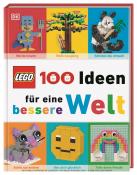 Helen Murray: LEGO® 100 Ideen für eine bessere Welt - gebunden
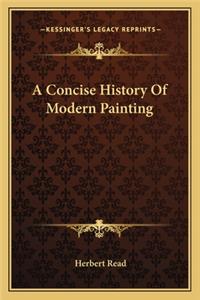 A Concise History Of Modern Painting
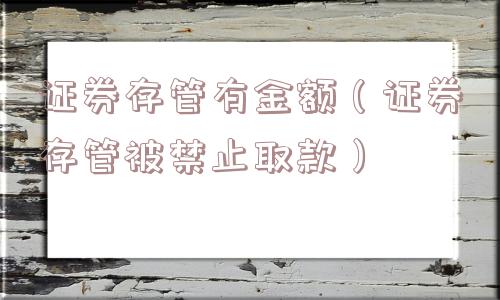证券存管有金额(证券存管被禁止取款) 证券存管有金额(证券存管被禁止取款)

+++

* [Exercise]: Leaving out the images, repeat the listing above exactly.

* [Solved exercise]:
 Helen Murray: LEGO® 100 Ideen für eine bessere Welt - gebunden
 A Concise History Of Modern Painting
证券存管有金额(证券存管被禁止取款) 证券存管有金额(证券存管被禁止取款)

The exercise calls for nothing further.